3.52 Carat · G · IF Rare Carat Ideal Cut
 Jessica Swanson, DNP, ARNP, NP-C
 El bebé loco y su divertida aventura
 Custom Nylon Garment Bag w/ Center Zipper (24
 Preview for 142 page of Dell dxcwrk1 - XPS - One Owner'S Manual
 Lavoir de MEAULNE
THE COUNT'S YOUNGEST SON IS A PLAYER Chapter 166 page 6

---

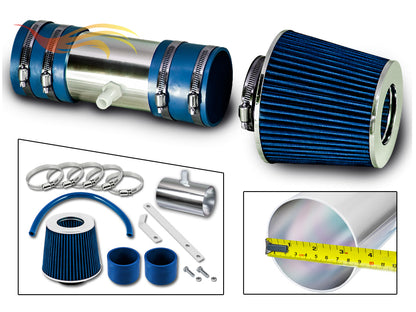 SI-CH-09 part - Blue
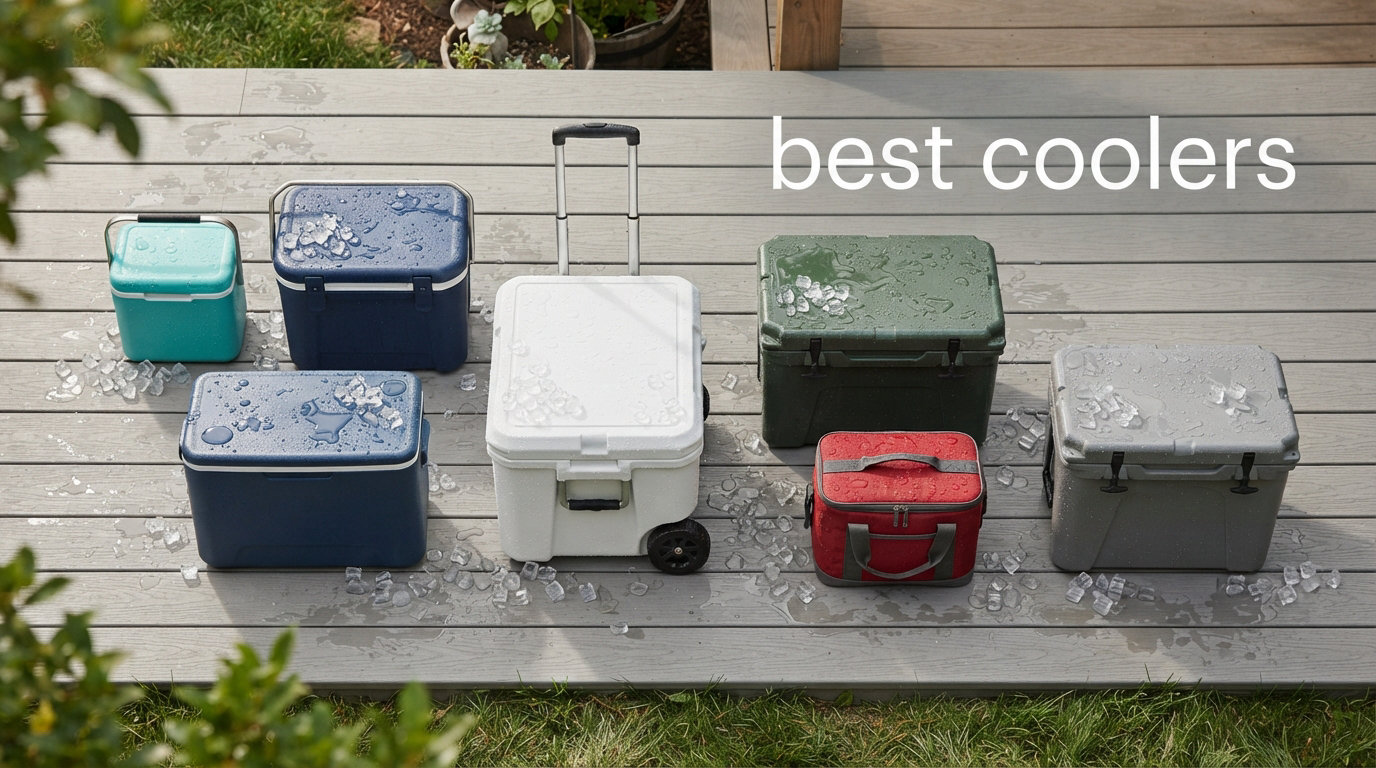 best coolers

◆ **WHAT TO WORK ON**
Using the data above, count every line that contains the word "page", then give the count and nothing more.

◆ **FINISHED TASK**
2